● **Problem details**: The task calls for an exact copy of the records, without any images.

● **Source data**:

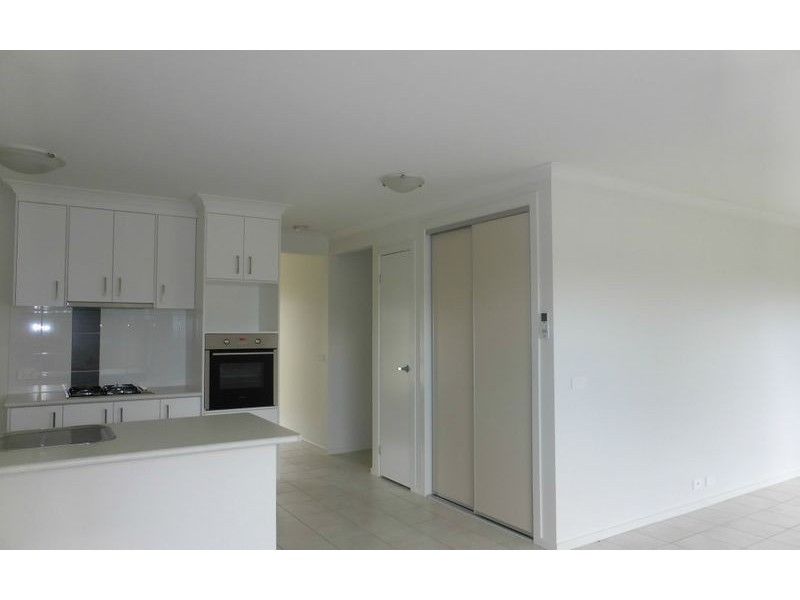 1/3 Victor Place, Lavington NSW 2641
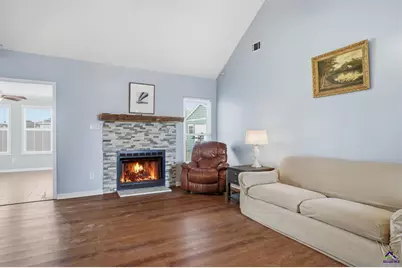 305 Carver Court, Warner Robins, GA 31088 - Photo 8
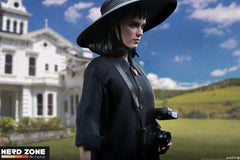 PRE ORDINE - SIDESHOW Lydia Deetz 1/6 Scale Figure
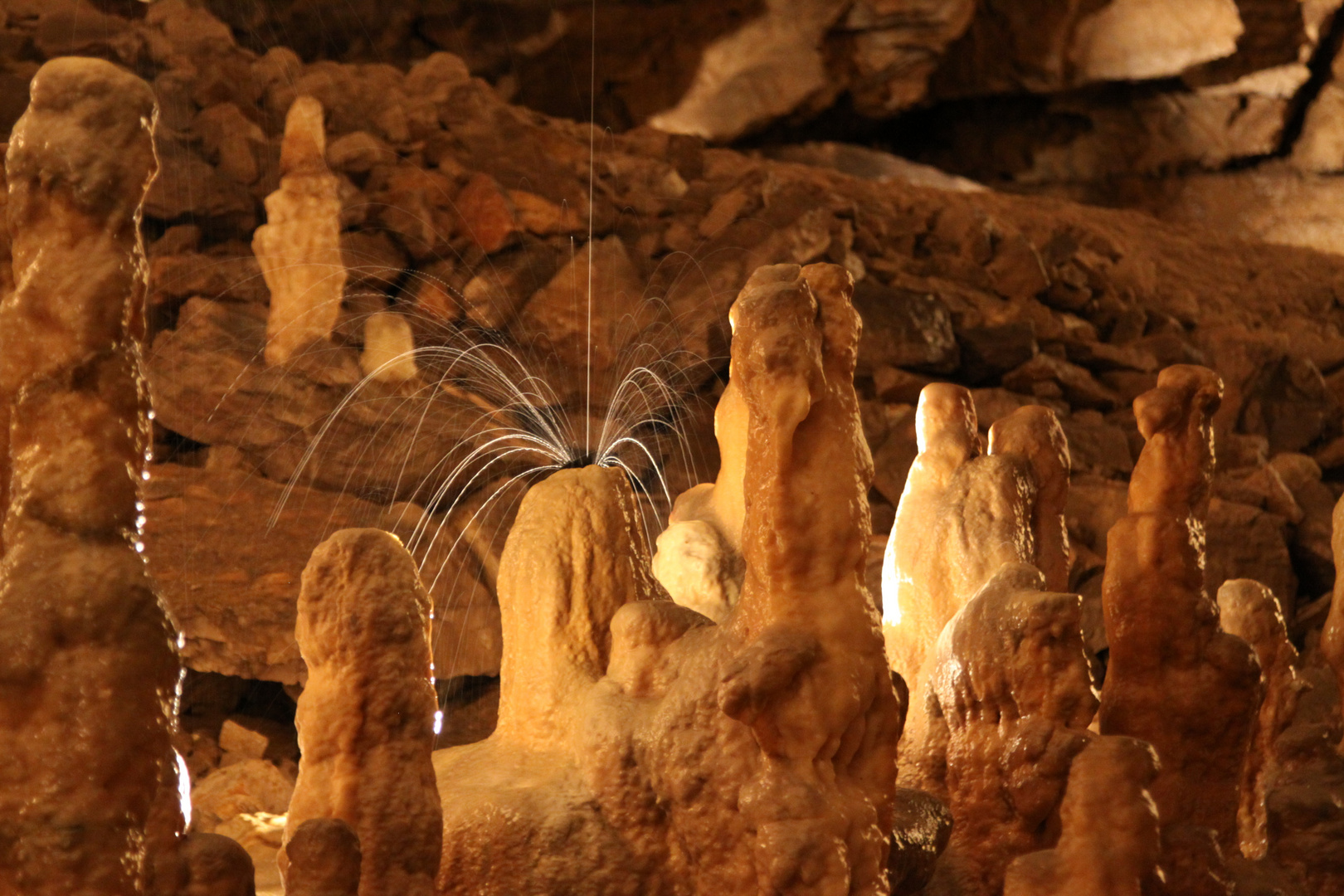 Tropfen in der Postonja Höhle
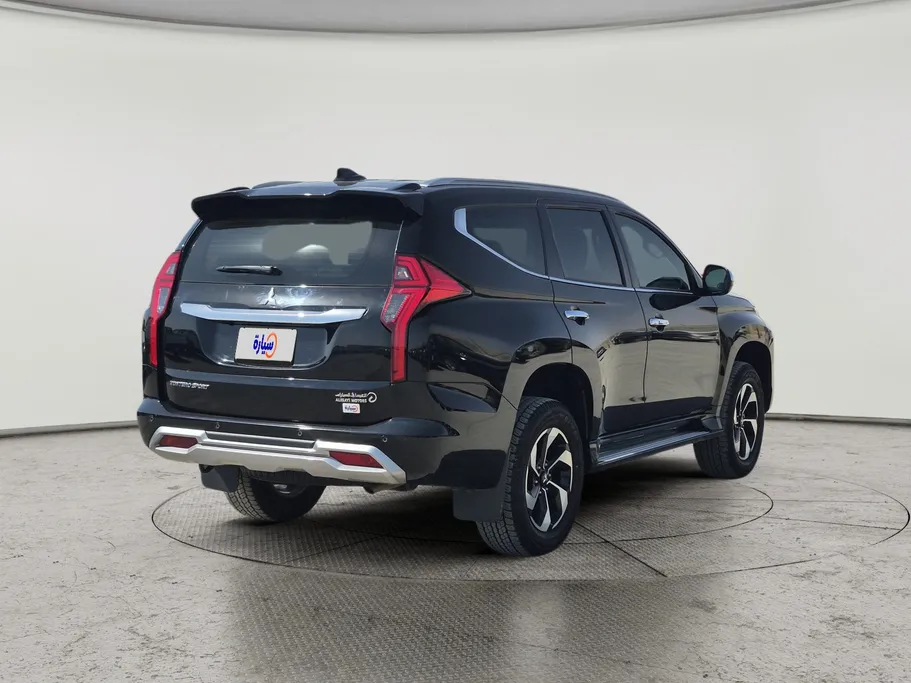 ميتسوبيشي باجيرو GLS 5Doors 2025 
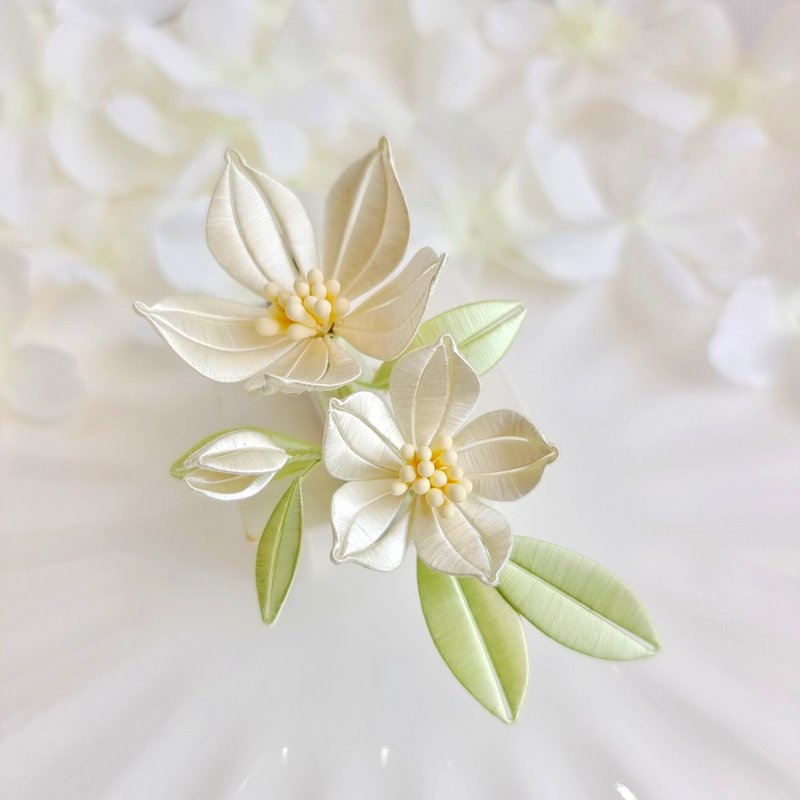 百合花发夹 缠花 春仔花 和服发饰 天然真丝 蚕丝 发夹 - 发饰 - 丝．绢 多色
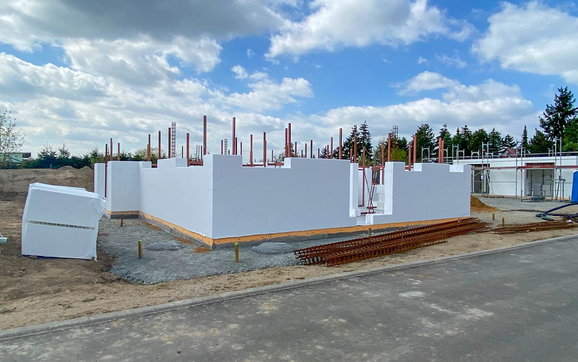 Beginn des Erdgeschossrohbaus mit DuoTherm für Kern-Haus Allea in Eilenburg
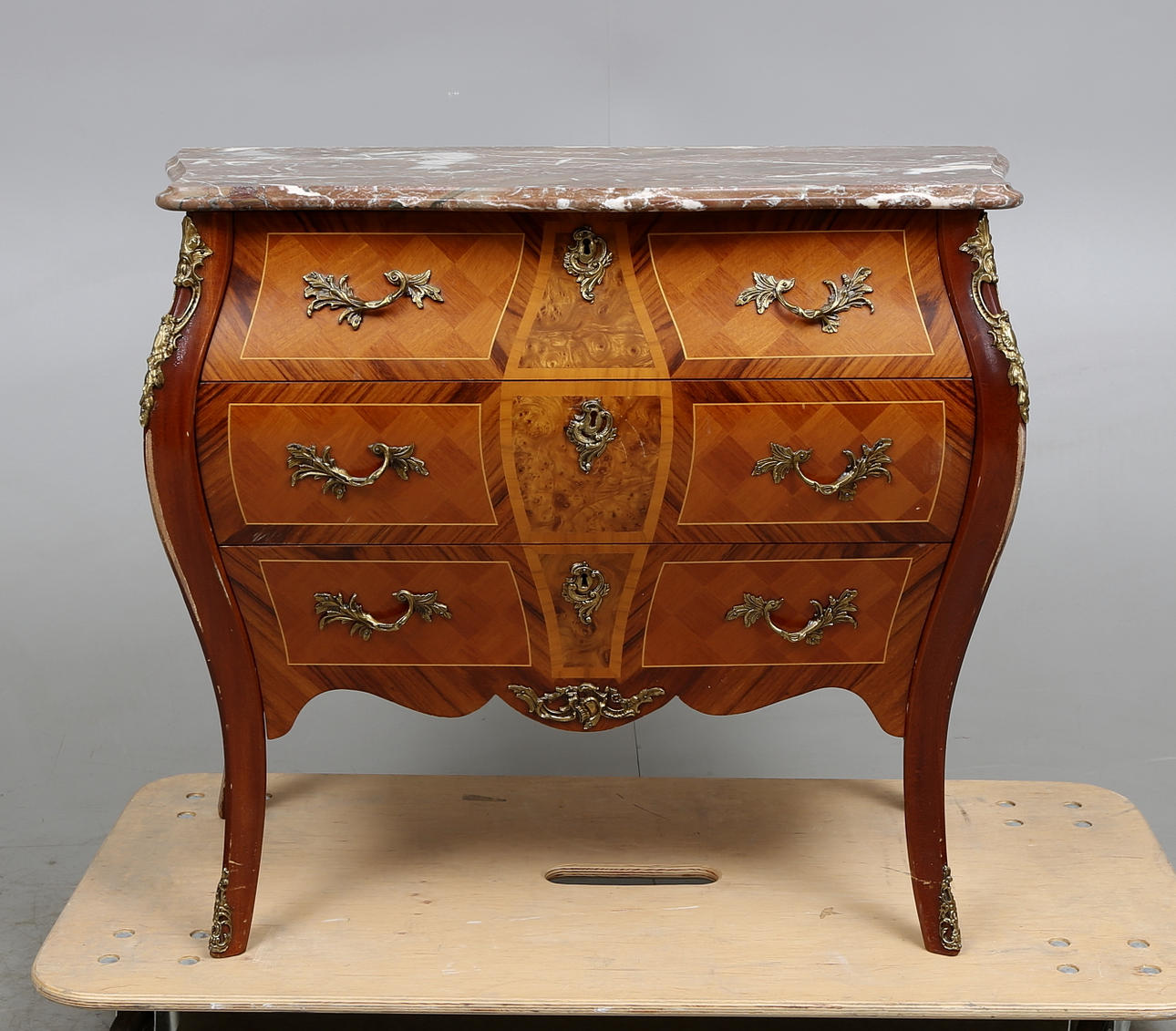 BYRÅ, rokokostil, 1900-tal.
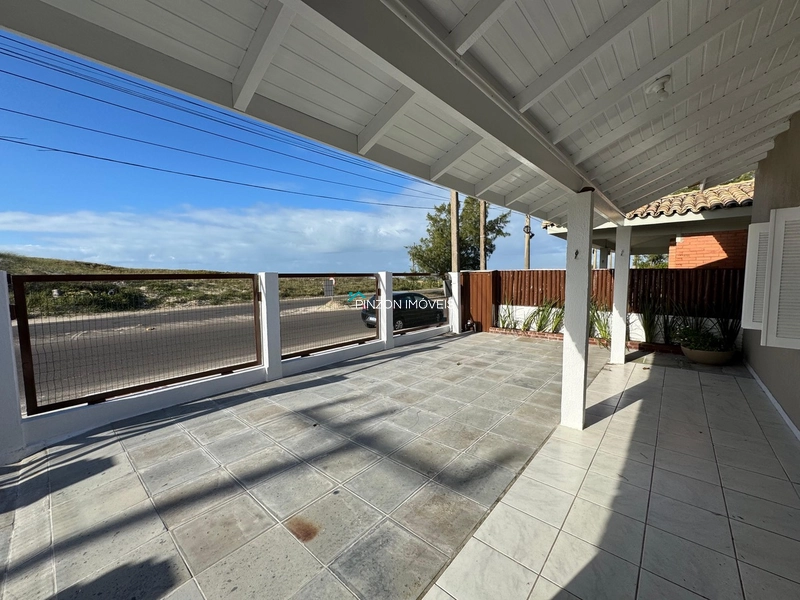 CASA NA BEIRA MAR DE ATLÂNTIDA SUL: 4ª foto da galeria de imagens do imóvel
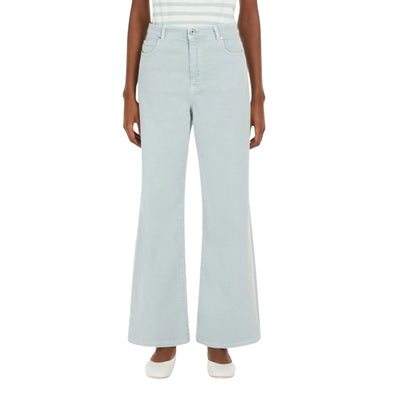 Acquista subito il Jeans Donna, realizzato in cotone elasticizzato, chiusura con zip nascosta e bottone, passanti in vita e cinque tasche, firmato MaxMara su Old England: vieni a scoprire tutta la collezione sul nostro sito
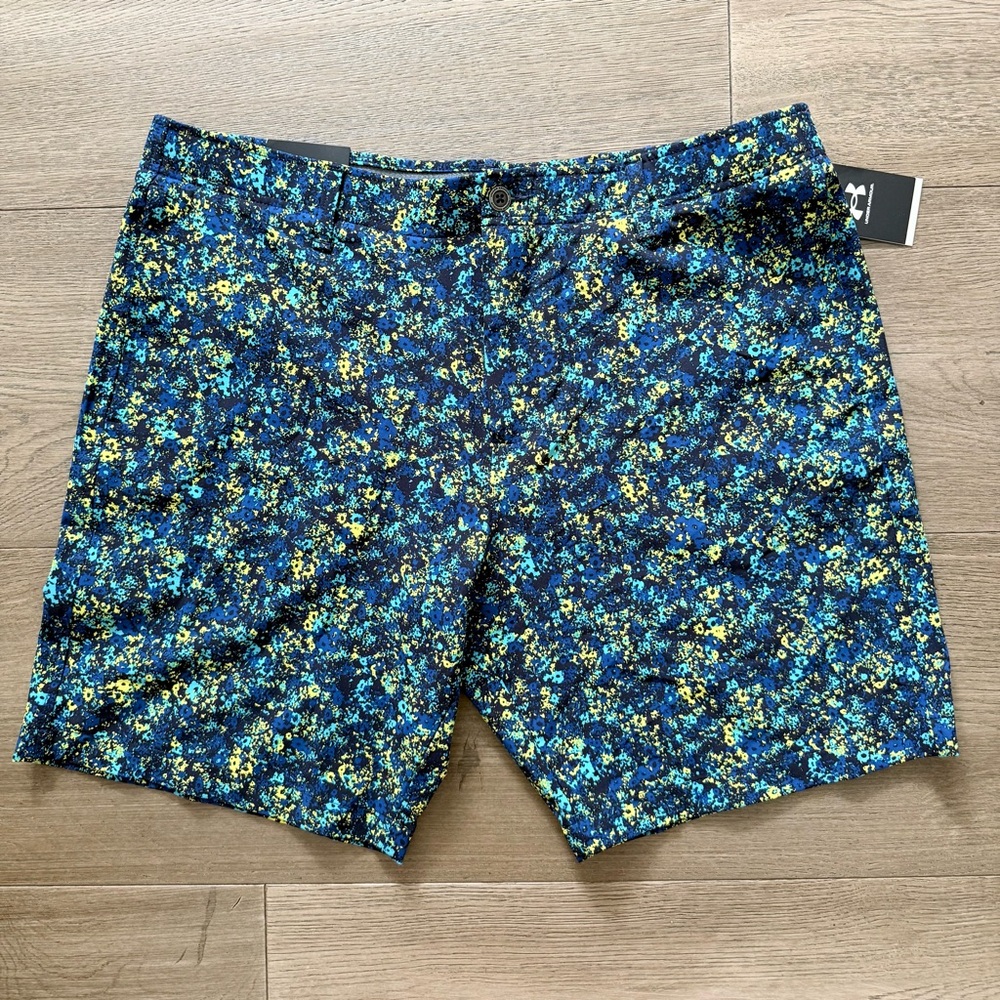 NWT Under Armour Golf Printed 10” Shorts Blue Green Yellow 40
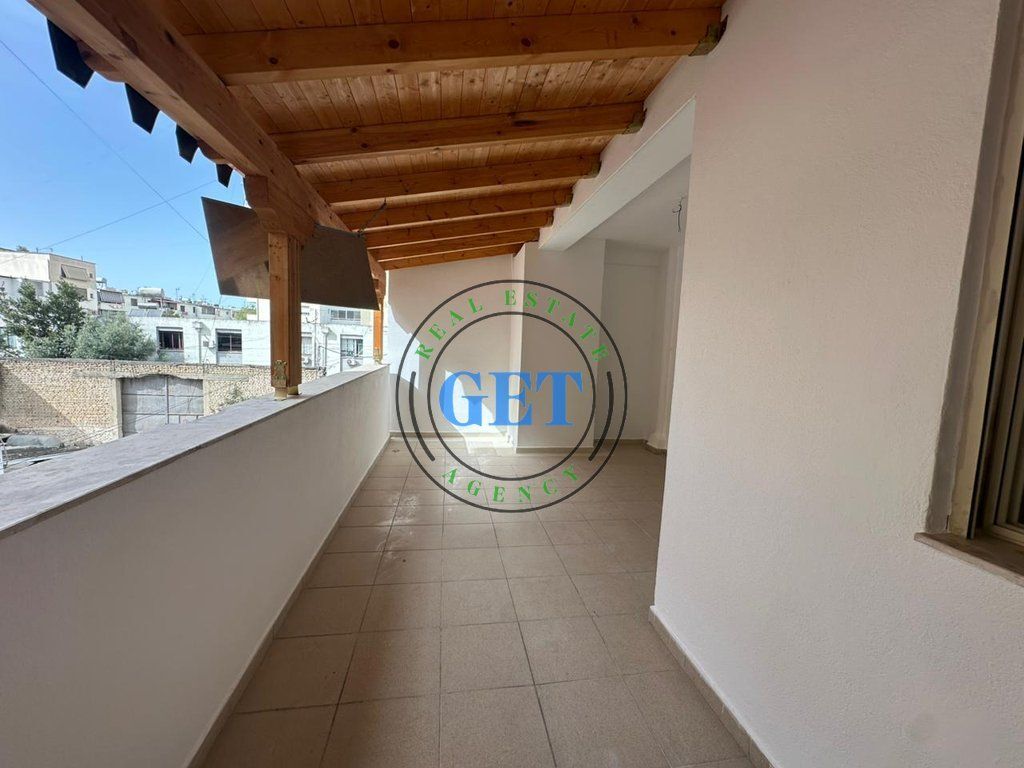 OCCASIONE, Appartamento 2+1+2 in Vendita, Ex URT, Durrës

● **Your solution**:
 1/3 Victor Place, Lavington NSW 2641
 305 Carver Court, Warner Robins, GA 31088 - Photo 8
 PRE ORDINE - SIDESHOW Lydia Deetz 1/6 Scale Figure
 Tropfen in der Postonja Höhle
 ميتسوبيشي باجيرو GLS 5Doors 2025 
 百合花发夹 缠花 春仔花 和服发饰 天然真丝 蚕丝 发夹 - 发饰 - 丝．绢 多色
 Beginn des Erdgeschossrohbaus mit DuoTherm für Kern-Haus Allea in Eilenburg
 BYRÅ, rokokostil, 1900-tal.
 CASA NA BEIRA MAR DE ATLÂNTIDA SUL: 4ª foto da galeria de imagens do imóvel
 Acquista subito il Jeans Donna, realizzato in cotone elasticizzato, chiusura con zip nascosta e bottone, passanti in vita e cinque tasche, firmato MaxMara su Old England: vieni a scoprire tutta la collezione sul nostro sito
 NWT Under Armour Golf Printed 10” Shorts Blue Green Yellow 40
 OCCASIONE, Appartamento 2+1+2 in Vendita, Ex URT, Durrës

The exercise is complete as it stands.